Dataset records:

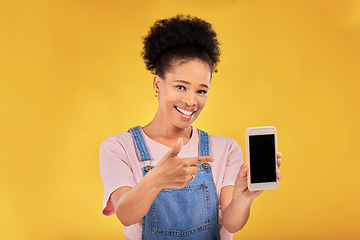 Image showing Phone screen, portrait and woman presentation, mockup information or e learning faq and social media. Mobile app, ux design space and university student or african person on yellow, studio background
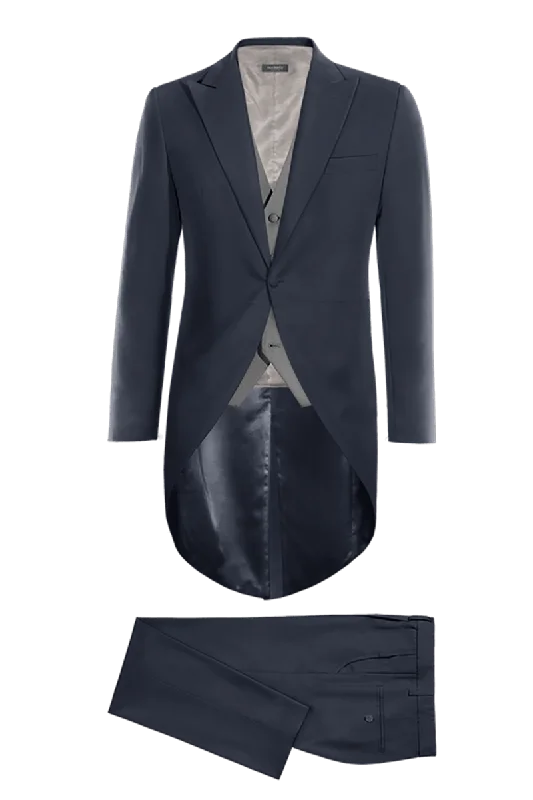 Soft Fabrics Blue Peak Lapel Morning Dress 2-Piece Suit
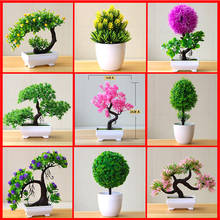 Cheap 1pcs of various artificial plants lotus potted plastic flower desktop decoration Christmas simulation bonsai craft green p 2024 - buy cheap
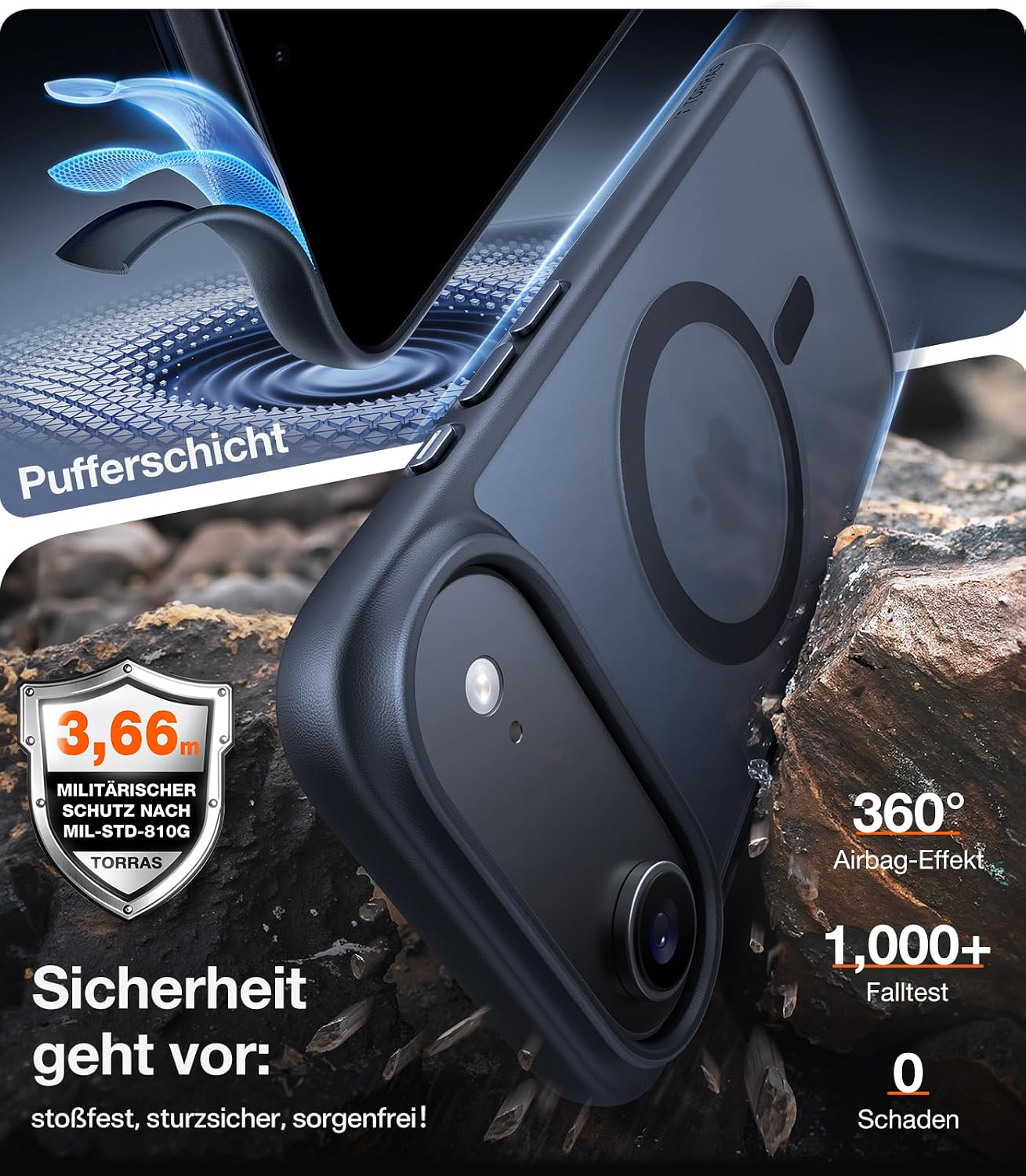 Thumbnail 4 de TORRAS Guardian-Mag iPhone 17 Air Hülle MagSafe Matt Schwarz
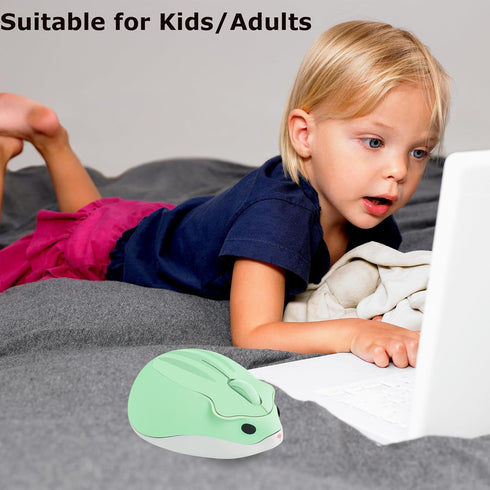 Wireless Mouse Cute Hamster Shape Silent Quiet Click Portable Mobile Fun Travel Optical 1200DPI USB Funny Cool Cordless Mice for PC Laptop Compute...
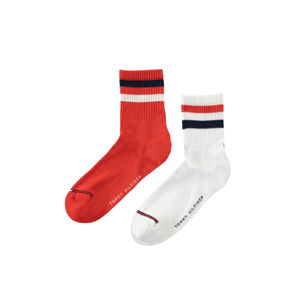 Červeno-bílé ponožky Jeans Quarter Stripe - dvojbalení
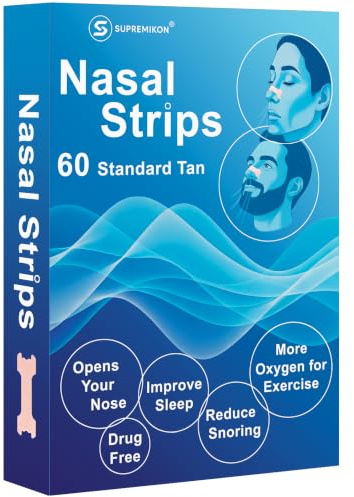 SUPREMIKON Nasenpflaster - Atmungsaktive Nose Strips gegen Schnarchen & verstopfte Nase - Verbesserte Atmung für Schlaf & Sport - effektive Atmungshilfe | Starker Halt ganze Nacht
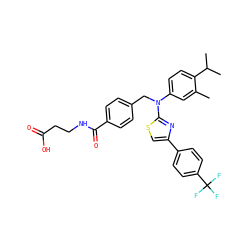 Cc1cc(N(Cc2ccc(C(=O)NCCC(=O)O)cc2)c2nc(-c3ccc(C(F)(F)F)cc3)cs2)ccc1C(C)C ZINC000042889810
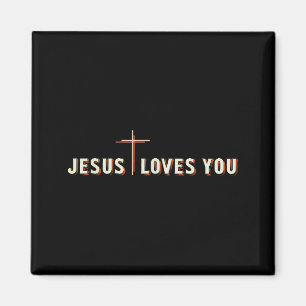 Aimant  Jésus vous aime Croix Dieu Graphique chrétien 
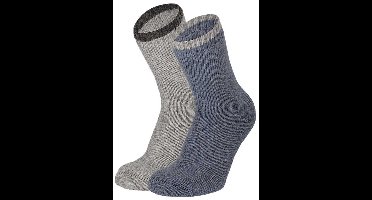 Apollo dames huissokken - alpaca wol - 2pack - multi blauw - anti slip - maat 39/42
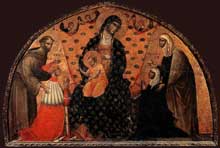 Paolo Veneziano : Le Doge Francesco Dandolo et son épouse présentés à la Madone. 1339. Panneau de bois. Venise, Santa Maria Gloriosa dei Frari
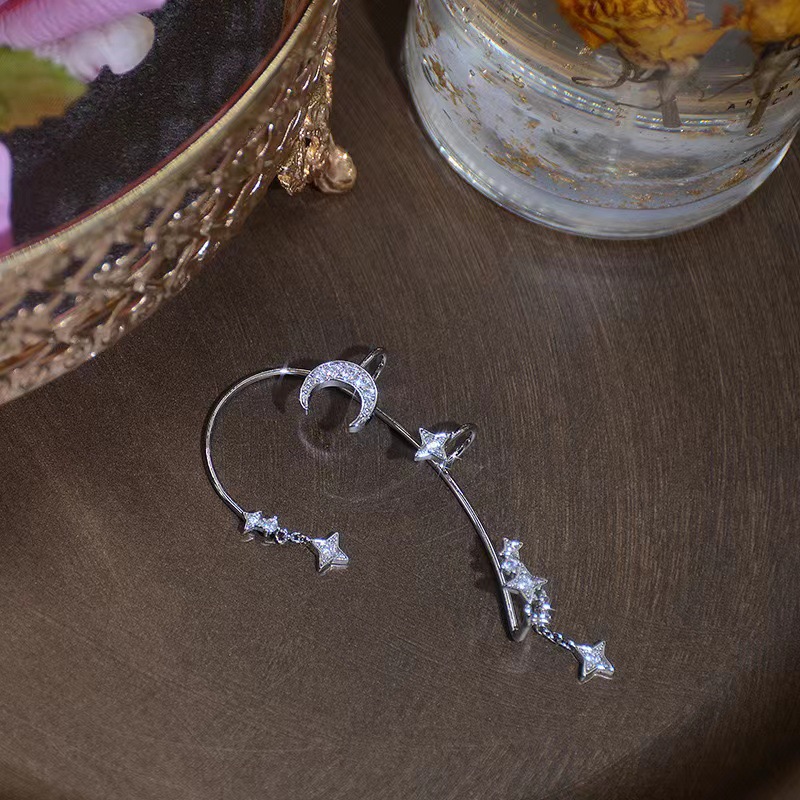 Star Moon Ear Hanging No Pierced Cold Wind Ear Rings - Picture 6 of 7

Instructions for the task:
Output every entry exactly, leaving out pictures.

Task answer:
 Image showing Phone screen, portrait and woman presentation, mockup information or e learning faq and social media. Mobile app, ux design space and university student or african person on yellow, studio background
 Soft Fabrics Blue Peak Lapel Morning Dress 2-Piece Suit
 Cheap 1pcs of various artificial plants lotus potted plastic flower desktop decoration Christmas simulation bonsai craft green p 2024 - buy cheap
 Thumbnail 4 de TORRAS Guardian-Mag iPhone 17 Air Hülle MagSafe Matt Schwarz
 Wireless Mouse Cute Hamster Shape Silent Quiet Click Portable Mobile Fun Travel Optical 1200DPI USB Funny Cool Cordless Mice for PC Laptop Compute...
 Červeno-bílé ponožky Jeans Quarter Stripe - dvojbalení
 SUPREMIKON Nasenpflaster - Atmungsaktive Nose Strips gegen Schnarchen & verstopfte Nase - Verbesserte Atmung für Schlaf & Sport - effektive Atmungshilfe | Starker Halt ganze Nacht
 Cc1cc(N(Cc2ccc(C(=O)NCCC(=O)O)cc2)c2nc(-c3ccc(C(F)(F)F)cc3)cs2)ccc1C(C)C ZINC000042889810
 Aimant  Jésus vous aime Croix Dieu Graphique chrétien 
 Apollo dames huissokken - alpaca wol - 2pack - multi blauw - anti slip - maat 39/42
 Paolo Veneziano : Le Doge Francesco Dandolo et son épouse présentés à la Madone. 1339. Panneau de bois. Venise, Santa Maria Gloriosa dei Frari
 Star Moon Ear Hanging No Pierced Cold Wind Ear Rings - Picture 6 of 7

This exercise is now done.